[ACTIVITY]: This calls for a verbatim copy of all the data, with no images carried over.

[INFORMATION PROVIDED]:
++++++
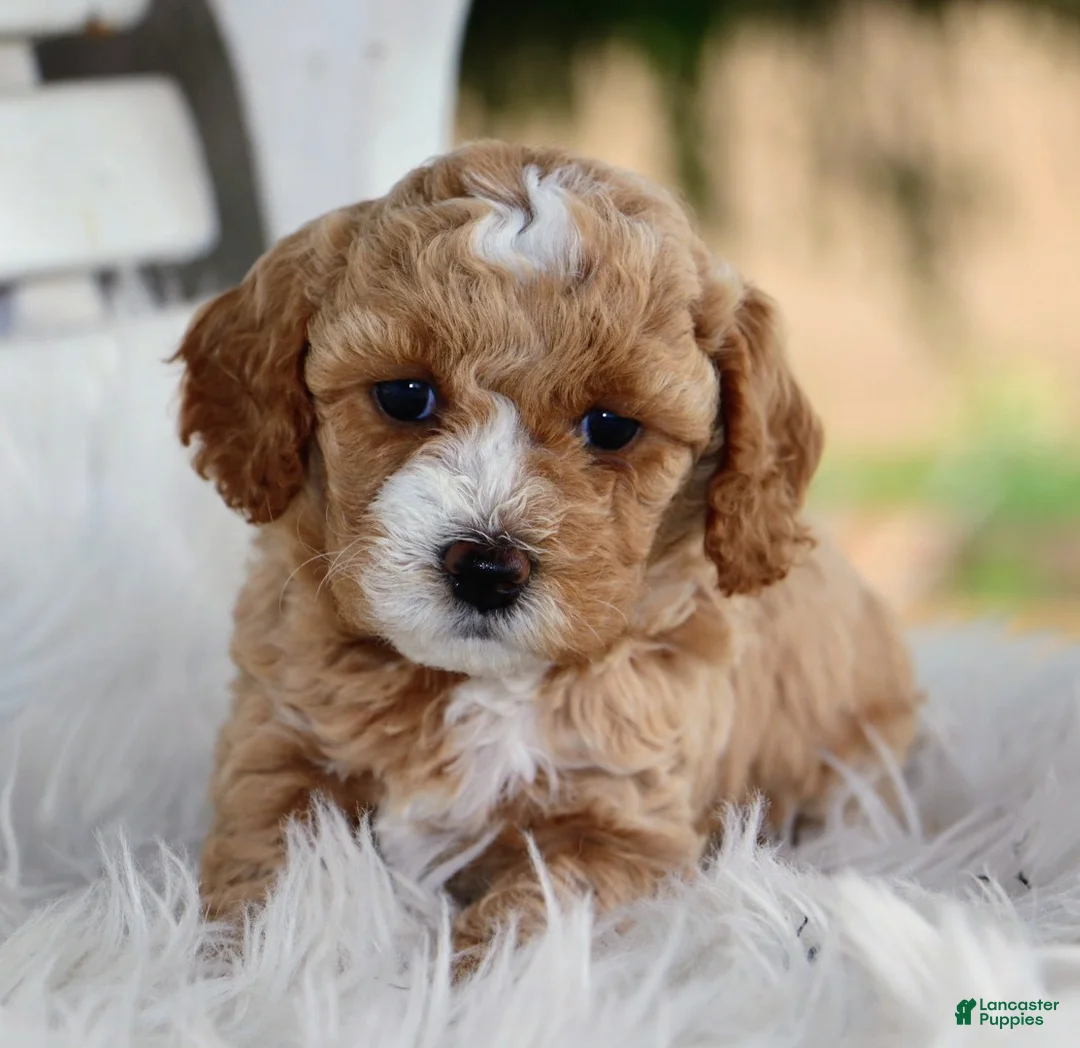 Mixed Breed dogs for sale: Khloe - Ad 2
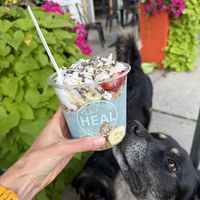 Blue Magic Superfood Bowl on the dog friendly patio!  at HEAL Wellness - Burlington in Burlington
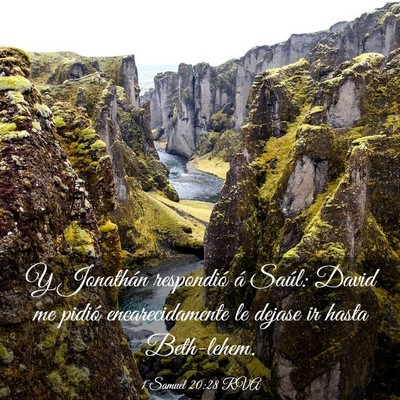 Picture 03 - 1 Samuel 20:28 RVA - Y Jonathán respondió á Saúl: David me pidió - Bible Verse Picture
++++++
[OUTPUT OF THE TASK]:
 Mixed Breed dogs for sale: Khloe - Ad 2
 Blue Magic Superfood Bowl on the dog friendly patio!  at HEAL Wellness - Burlington in Burlington
 Picture 03 - 1 Samuel 20:28 RVA - Y Jonathán respondió á Saúl: David me pidió - Bible Verse Picture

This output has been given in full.